Yeah, maybe I should. But honestly, I’m a little embarrassed about it. I tried drinking before my last flight into Boston, but it did nothing. So I just suck it up and deal with it.
The seatbelt light comes on, and I know that’s not good. It means we’ve got more turbulence coming.
And boy, do we.
The plane hits a pocket so big, the plane drops. People yelp and cry, items fall. I think I pee my pants a little.
“Fuck, fuck, fuck,” I mutter to myself.
Cole grabs my hand, linking our fingers. I squeeze tight. Hell, I’d have squeezed his hand if he were a stranger.
“It’s okay,” Cole says soothingly. “It isn’t dangerous to us.”
I hear his words, but they mean nothing. I think he sees it isn’t working, because he lets go of my hand and puts his arm around my shoulder, tugging me to him. The arm rest digging into my side is the least of my concerns as I bury my face in his chest and breathe in his calming scent.
The plane rocks again. I grasp onto his shirt, focusing on breathing. On him. On how warm he is, how calm his heartbeat is.
How the hell is it so… normal?
God, how embarrassing is this?
Cole rubs my arm, whispering calming words to me. His voice is soothing. His touch is calming. His smell is… without a doubt the most relaxing of all. Not enough to get me to forget, but enough that I don’t want to cry anymore.
I stay like this for who knows how long. Cole holds me, does what he can to make me feel better. So much so that I fall asleep, holding onto him for dear life.
Chapter Sixty-One
Bryson
My hands are sweating. I’ve been standing outside of Chris’s hospital room for twenty minutes and can’t seem to bring myself to walk inside. No idea what is stopping me. I can’t figure out if it’s guilt or the fear of seeing him connected to tubes and machines. Cole warned me on the way here that he doesn’t look good. It’s scary. I’m grateful for the heads up, but now I’m panicking. Yet I know it isn’t only about seeing him. It’s… what do I say? Will it matter? I guess it’s best to get everything off my chest. Maybe he can hear me. Maybe he can’t. But I have to at least try.
Cole went to the cafeteria to have something to eat. He told me to meet him down there when I was done and to take my time. Tabitha was home getting some sleep, so I shouldn’t be bothered. Mila was here with him earlier.
“You’ll feel better once you go in.”
A woman in blue nurse’s scrubs stops by my side, putting her hands in her pockets. I give her a sad smile. She’s pretty.. Maybe about Cole’s age. Light brown hair with matching eyes.
“You’re probably right.”
“I’m heading in to see how he’s doing. Want to come with me?” Her tone is so sweet and gentle. She sounds like a pro. A people-person. It takes a special kind of person to be a nurse, especially in a unit like this.
“Okay.”
She smiles and opens the door, stepping in first. I close my eyes for a second, take a breath, and walk in.

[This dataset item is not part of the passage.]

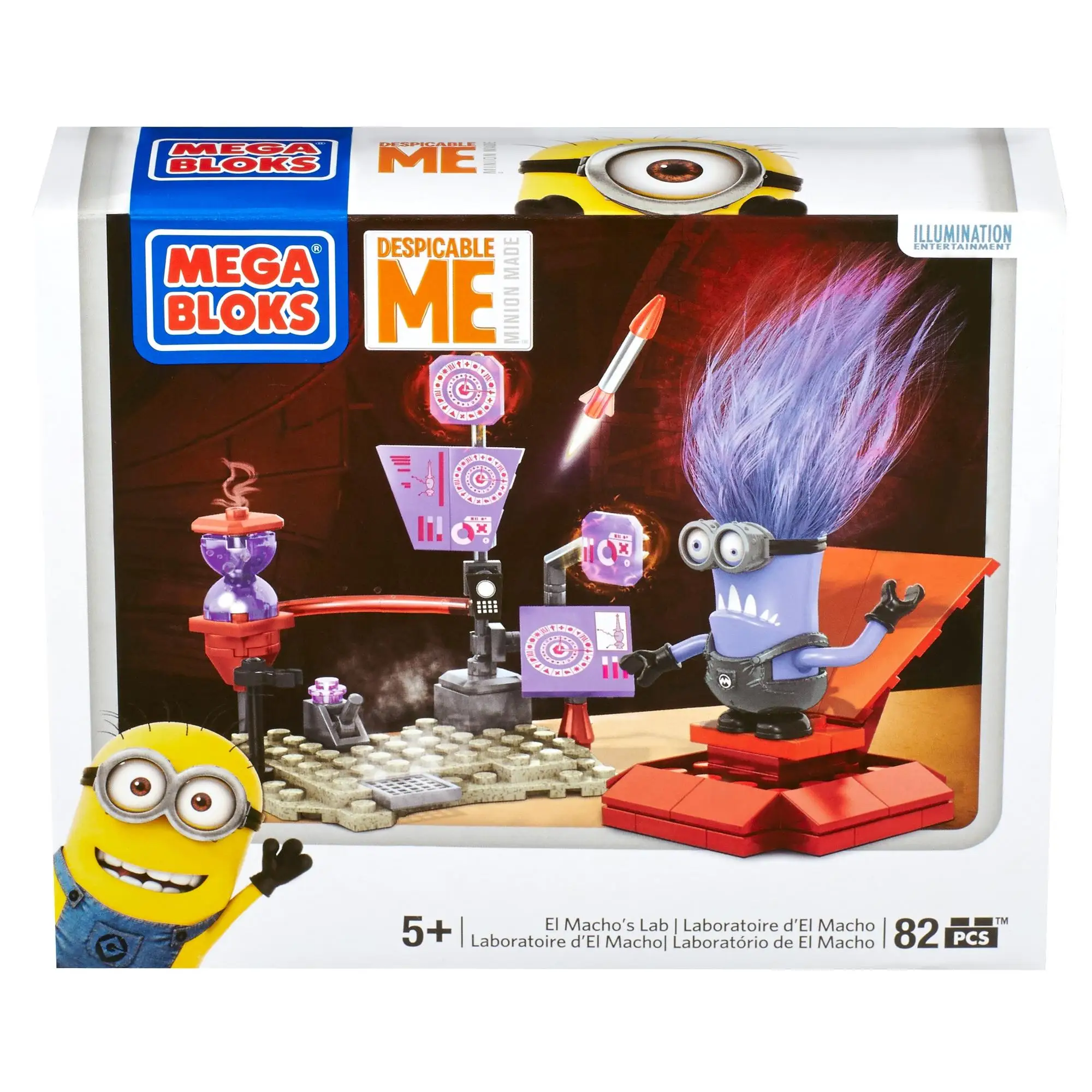 

Mega Bloks Despicable Me Minions El Macho Lab 5years old Children Toy Festival Christmas Gift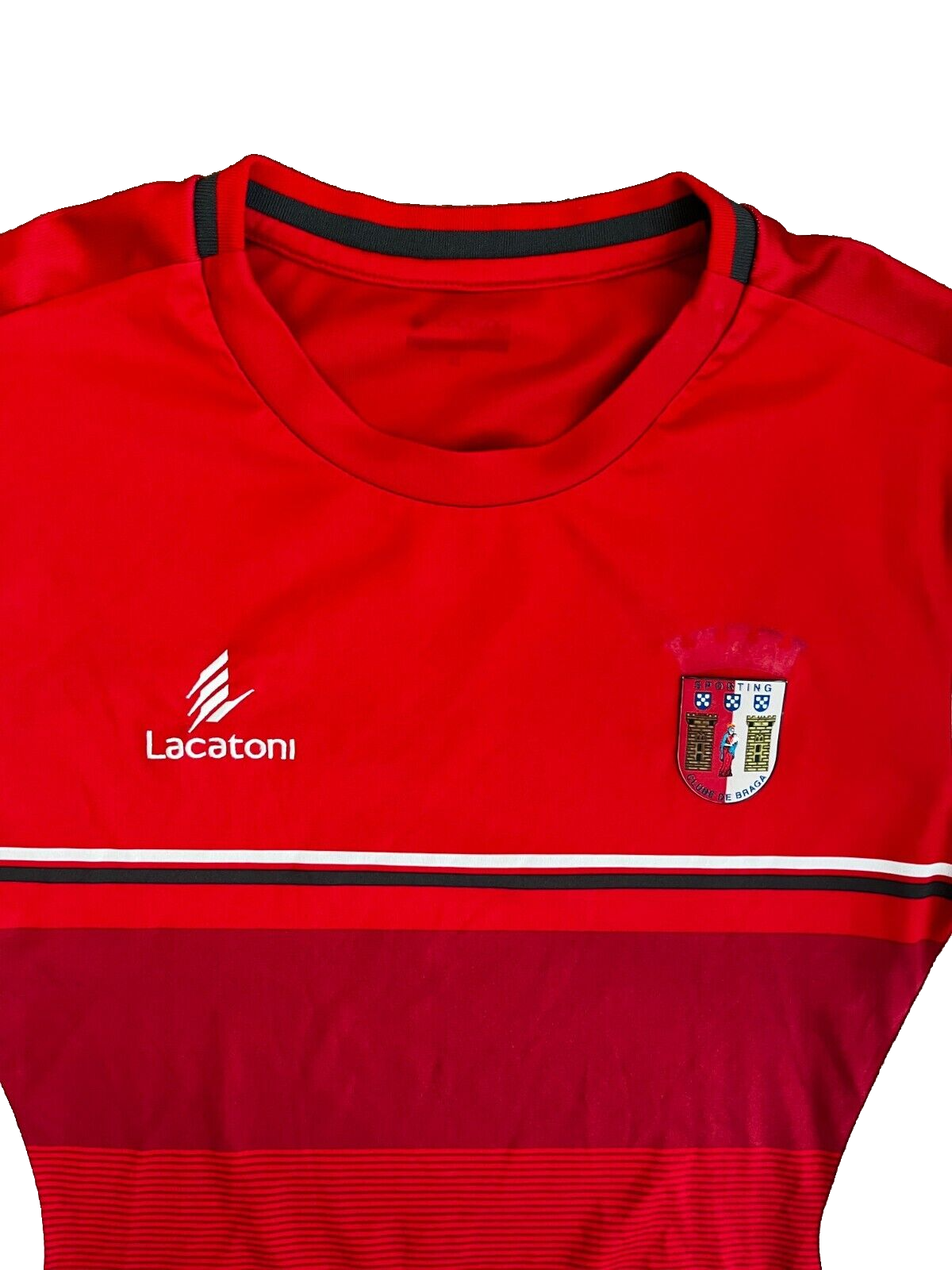 Sporting Braga Football Jersey Training Shirt Jersey Lacatoni Size Men XL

I stare ahead, afraid to look at Chris who I can faintly make out in my periphery.
The nurse walks over to him to check the machines. She pulls a small notepad from her computer and jots things down. I stop by the end of his bed and close my eyes.
What would Chris do if this were me? If everything was the same, but the only thing different was who was lying in that bed? Would he come visit me? Or was his hatred over what I did too much?
The answer hurts a lot. Because I don’t think he’d be here. I think he was too angry to see past it that he wouldn’t have. Though, I could be very wrong. And I guess I’ll never know.
I force my eyes open and sneak a glance at my friend. My eyes instantly well with tears. My bottom lip trembles, and my hand comes up to cover my mouth. It’s not that he looks awful, which he does, but it’s that he looks so unlike himself. If I didn’t know this was Chris, I wouldn’t know it’s Chris.
His face is covered in purple and red bruises. There’s a gash above his eye with stitches. His lip is healing from a cut. They’re dry and chapped. His hair is greasy and slicked back, longer than I’ve ever seen it before. There are tubes and wires coming out from what looks like every inch of him. Machines everywhere. I see all this on the outside but it’s the brain injury on the inside that’s causing this. Something I can’t even see.
“I know it seems like a lot, and of course it is, but he is comfortable,” the nurse explains.